What to look for in your child's speech and language development.
These developmental norms may provide clues:
Before 12 Months
Cooing and babbling are early stages of speech development. As babies get older (often around 9 months), they begin to string sounds together, incorporate the different tones of speech, and say words like "mama" and "dada" (without really understanding what those words mean). Before 12 months of age, babies also should be attentive to sound and begin to recognize names of common objects (bottle, dummy, etc.). Babies who watch intently but don't react to sound may be showing signs of hearing loss.
By 12 to 15 Months
Children this age should have a wide range of speech sounds in their babbling (like p, b, m, d, or n), begin to imitate and approximate sounds and words modeled by family members, and typically say one or more words (not including "mama" and "dada") spontaneously. Nouns usually come first, like "baby" and "ball." Your child also should be able to understand and follow simple one-step directions ("Please give me the toy," etc.).
From 18 to 24 Months
Though there is a lot of variability, most toddlers are saying about 20 words by 18 months and 50 or more words by the time they turn 2. By age 2, kids are starting to combine two words to make simple sentences, such as "baby crying" or "Daddy big." A 2-year-old should be able to identify common objects (in person and in pictures), points to eyes, ears, or nose when asked, and follow two-step commands ("Please pick up the toy and give it to me," for example).
From 2 to 3 Years
Parents often see huge gains in their child's speech.
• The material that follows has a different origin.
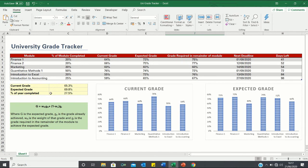Using this table, we can then determine your overall weighted average current grade, expected grade, and the percentage of the academic year completed. Let me walk you through how you can create a grade tracker like this one yourself.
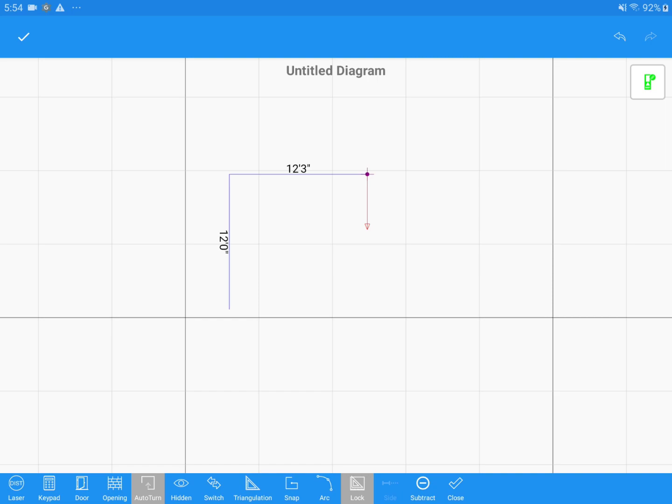Again, you can see that the red arrow is pointing 90 degrees to the right. I just need to repeat my steps for the remaining walls.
Your toddler's vocabulary should increase (to too many words to count) and he or she should routinely combine three or more words into sentences.
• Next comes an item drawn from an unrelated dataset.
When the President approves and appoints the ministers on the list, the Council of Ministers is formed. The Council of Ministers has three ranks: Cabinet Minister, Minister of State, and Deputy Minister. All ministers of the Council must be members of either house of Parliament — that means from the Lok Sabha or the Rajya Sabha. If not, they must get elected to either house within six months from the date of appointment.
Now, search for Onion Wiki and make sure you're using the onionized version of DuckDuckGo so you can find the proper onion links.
Comprehension also should increase — by 3 years of age, a child should begin to understand what it means to "put it on the table" or "put it under the bed." Your child also should begin to identify colors and comprehend descriptive concepts (big versus little, for example).
What are some warning signs of a possible problem?
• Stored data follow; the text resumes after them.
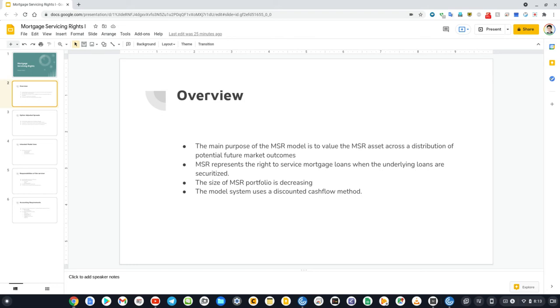The model system uses the discounted cash flow method to take into account the uncertainties inherent in the prepay and credit behavior, as well as the interest rate risk.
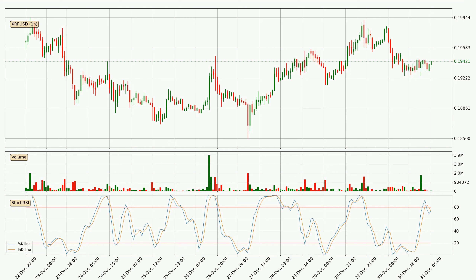Looking at the current hourly Stochastic RSI, there are no signs of it being oversold or overbought at this time, but because the %K line is over the %D line, we can deduce that the trend is currently on the up.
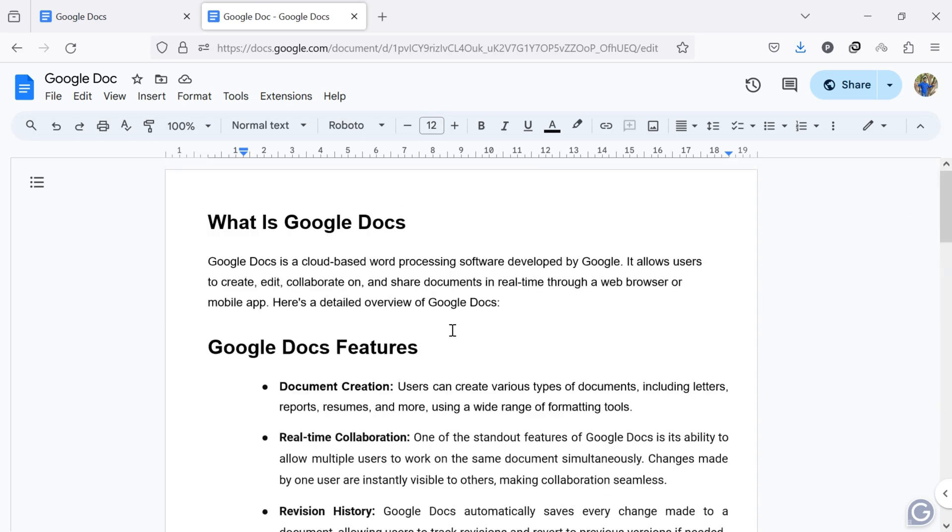Hello everyone. Welcome back to our new video. Today, I'll guide you through how to delete a page in Google Docs.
If you're concerned about your child's speech and language development, there are some things to watch for. An infant who isn't responding to sound or who isn't vocalizing is of particular concern as they may have a hearing problem affecting their development and this should be assessed. See your doctor if concerned.
Between 12 and 24 months, reasons for concern include a child who:
- isn't using gestures, such as pointing or waving bye-bye, by 12 months
- prefers gestures over vocalizations to communicate at 18 months
- has trouble imitating sounds by 18 months
- has difficulty understanding simple verbal requests
- can only imitate speech or actions and doesn't produce words or phrases spontaneously
- says only certain sounds or words repeatedly and can't use oral language to communicate more than his or her immediate needs
- can't follow simple directions
- has an unusual tone of voice (such as raspy or nasal sounding)
- is more difficult to understand than expected for his or her age
Parents and regular caregivers should understand about half of a child's speech at 2 years and about three quarters at 3 years. By 4 years old, a child should be mostly understood, even by people who don't know the child.